• DATA SHOWN:
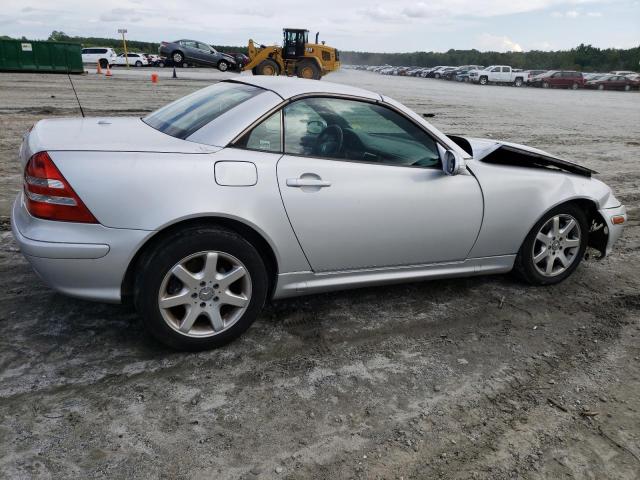 WDBKK49F23F272311 - 2003 MERCEDES-BENZ SLK 230 KOMPRESSOR SILVER photo 3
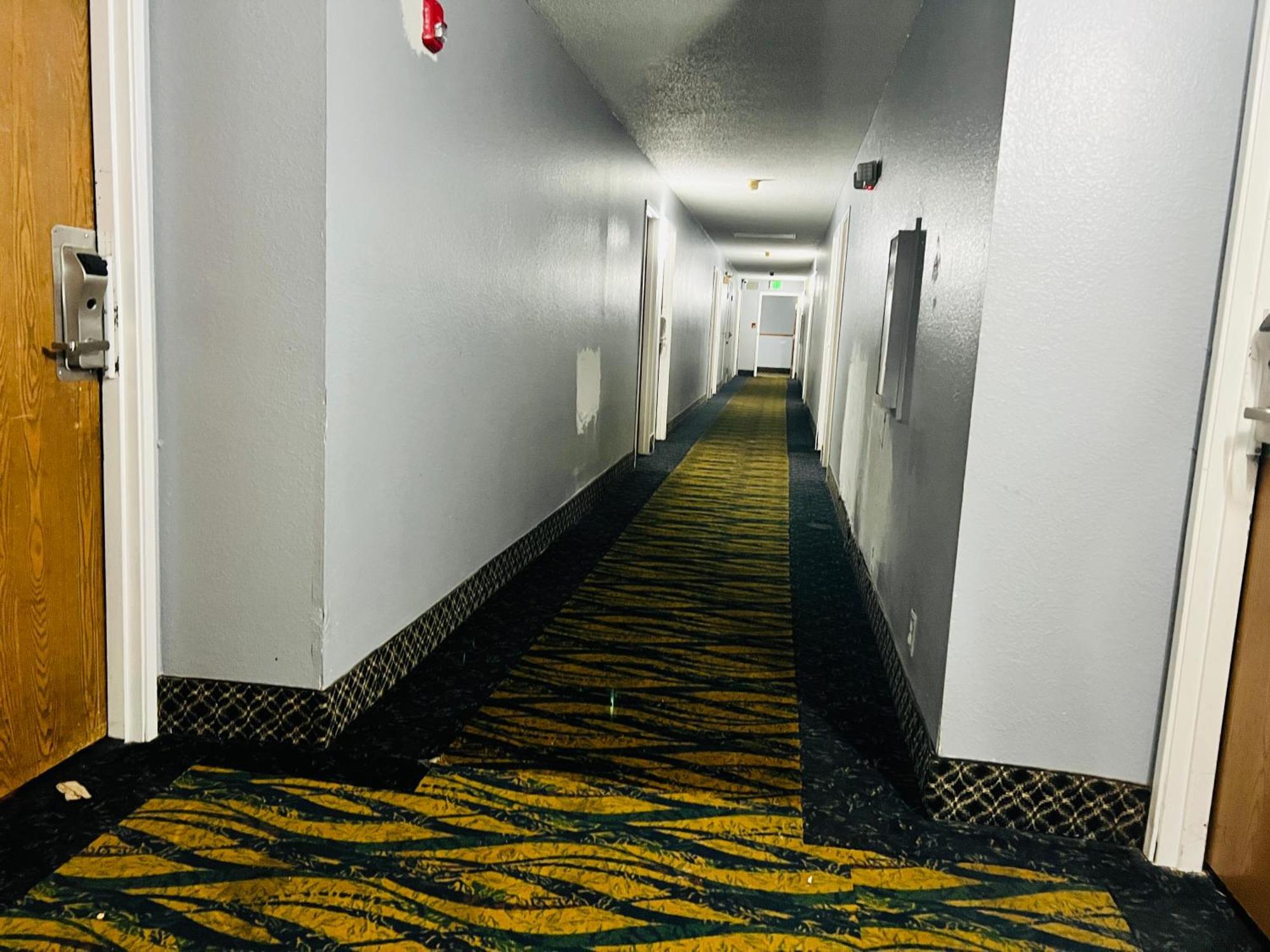 Super Inn By Oyo Lansing Mi Экстерьер фото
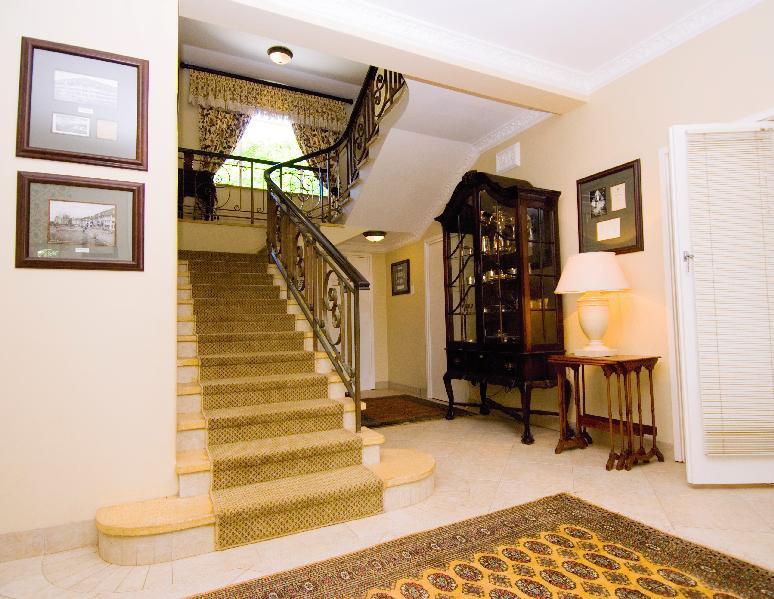 Hilltop Manor Find Your Perfect Lodging, SelfCatering, or Bed and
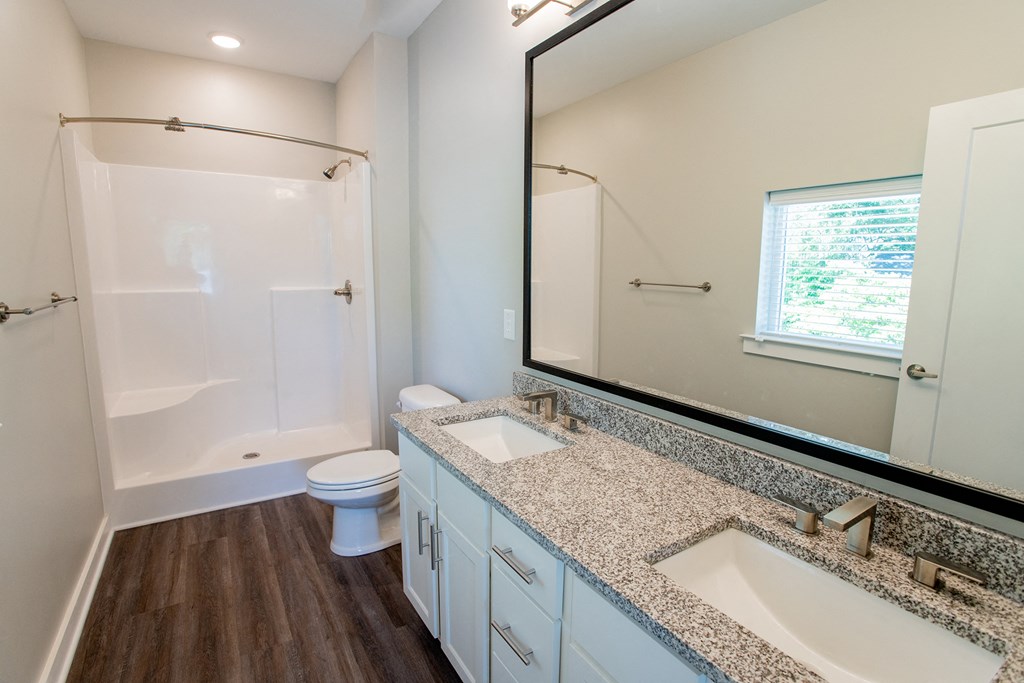 One Hundred Prince  Bathroom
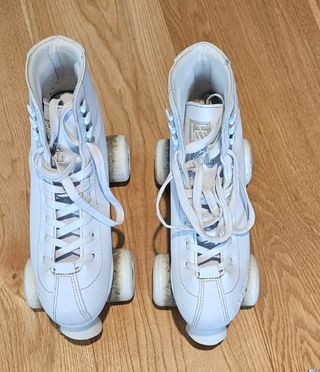 Patines de 4 ruedas blancos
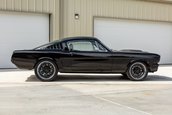 Ford Mustang Fastback cu motor de 7.0 litri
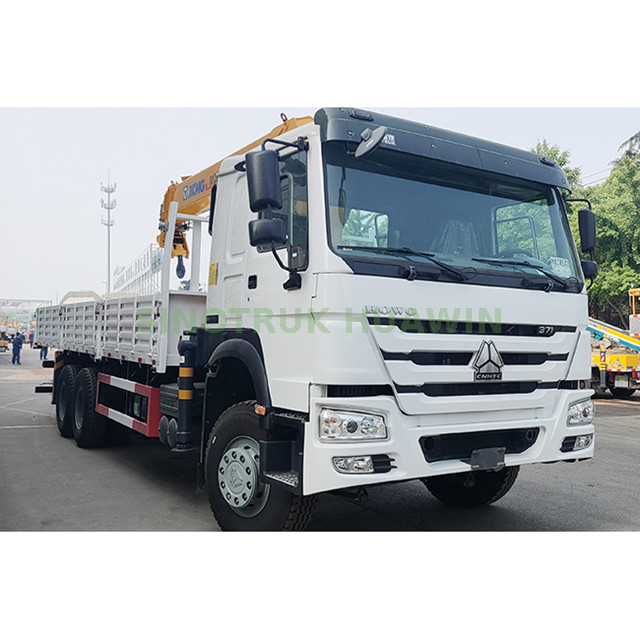 Caminhão HOWO 6x4 com guindaste XCMG 14T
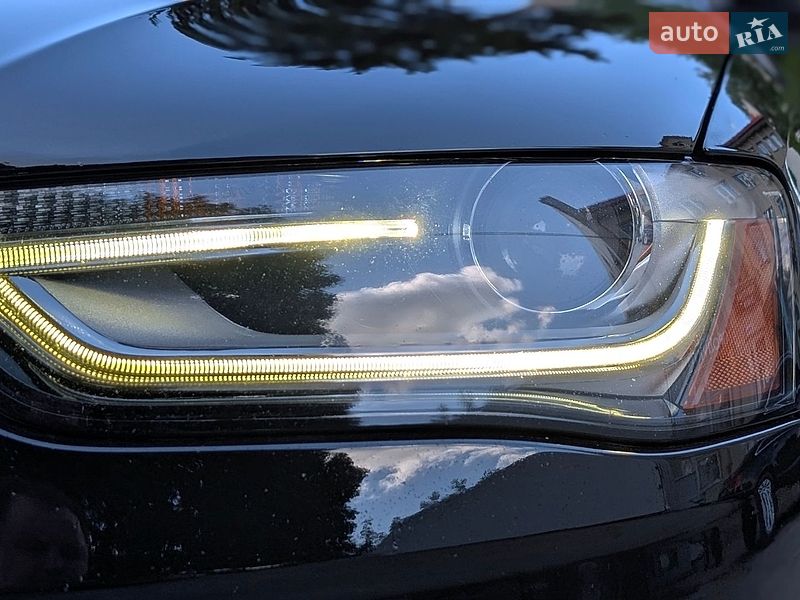 Седан Audi A4 2013 в Тернополі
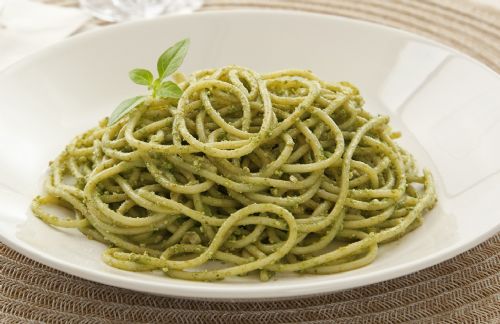 Pesto, o tradicional molho, agua o sabor deste macarro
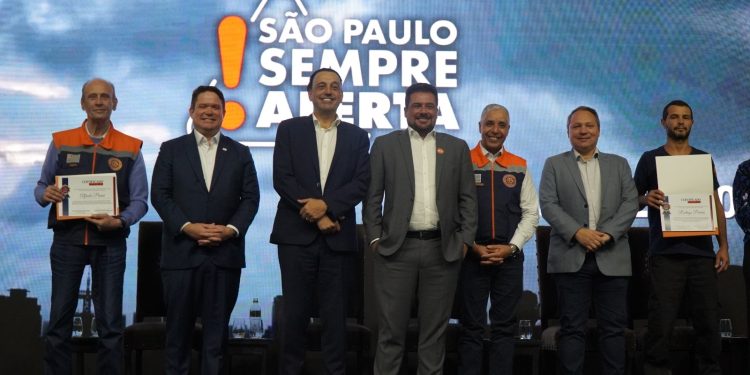 Felipe Augusto destaca avanços no combate a desastres naturais durante campanha “SP Sempre Alerta”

• EXERCISE DETAILS: From the line that holds "One Hundred Prince" to the last line of the records, please copy each line exactly and nothing else. Pictures stay out.

• REPLY:
 One Hundred Prince  Bathroom
 Patines de 4 ruedas blancos
 Ford Mustang Fastback cu motor de 7.0 litri
 Caminhão HOWO 6x4 com guindaste XCMG 14T
 Седан Audi A4 2013 в Тернополі
 Pesto, o tradicional molho, agua o sabor deste macarro
 Felipe Augusto destaca avanços no combate a desastres naturais durante campanha “SP Sempre Alerta”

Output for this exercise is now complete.